Avant de créer sa chaîne, ce trentenaire très sûr de lui a longtemps enchaîné les petits boulots. Il a été vendeur de tapis, serveur, chef de réception dans un grand hôtel. Loin des clichés, il n'a jamais vécu dans un bidonville. Avant de s'installer en France, il avait même créé « une petite radio entre potes » en Macédoine. Il n'avait alors que 14 ans et bricolait des cintres pour en faire des antennes.
A Paris aussi, pour développer son projet, il bricole. Ses studios sont installés dans un petit appartement du 19e arrondissement. Dans le salon, les murs ont été repeints en vert pour qu'on puisse incruster des décors dans les images. Les autres pièces servent de régie et de bureau. « C'est moi qui fais tout, raconte-t-il fièrement. Je m'occupe de la régie, de l'animation, de l'éclairage et même du téléphone. »
M. Dzeladin reçoit ponctuellement l'aide d'un de ses fidèles amis, et des membres de sa famille mettent la main à la pâte. Son fils Antonio, 14 ans, anime son propre programme, « Le rêve des enfants », une sorte de « Club Dorothée » où il reçoit de jeunes Roms vivant en France pour parler musique, poésie… Généralement, ce sont des jeunes issus de familles plutôt bien insérées. Son oncle, âgé d'une soixantaine d'années, est chargé d'une émission sur la vie quotidienne et la culture, « Traditions chez les Roms ».
« CRAINTE PARTAGÉE »
Donner à voir une autre vision des Roms « à travers l'image »,telle est l'obsession du patron de Sutka City TV. Campements illégaux, vols, délinquance, mendicité… il ne nie pas les problèmes créés par certains membres de sa diaspora, mais il « ne veut pas qu'on les mette tous dans le même sac ». « On a tendance à ne pas considérer la majorité des Roms, qui sont en fait invisibles », explique-t-il.

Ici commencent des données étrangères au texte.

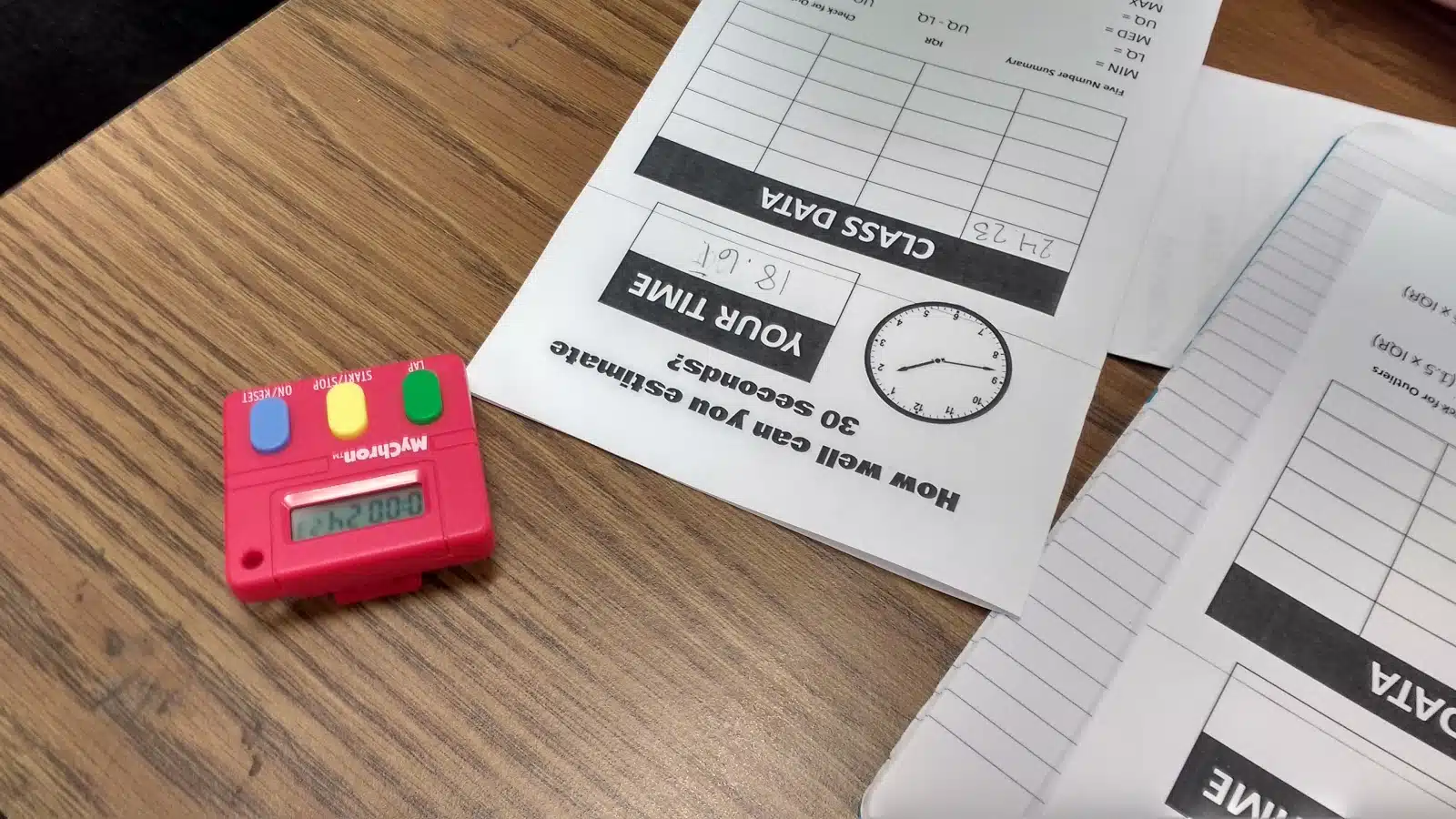 Estimating 30 Seconds Data Collection Activity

La plupart des téléspectateurs qui téléphonent lors de son talk-show quotidien sont médecins, avocats, enseignants, revendique-t-il. Par peur d'être stigmatisé, il a lui-même longtemps caché ses origines et se disait macédonien plutôt que rom. En cause, une « crainte partagée par la majorité de la communauté rom », selon lui. Pour ses proches, Sutka City TV a même été un déclic et le lancement de la chaîne les a décomplexés, jure-t-il. Une fierté retrouvée qu'Andrijano Dzeladin souhaite pouvoir réveiller en chaque Rom, en France d'abord, mais aussi « pour les 15 millions de Roms d'Europe ».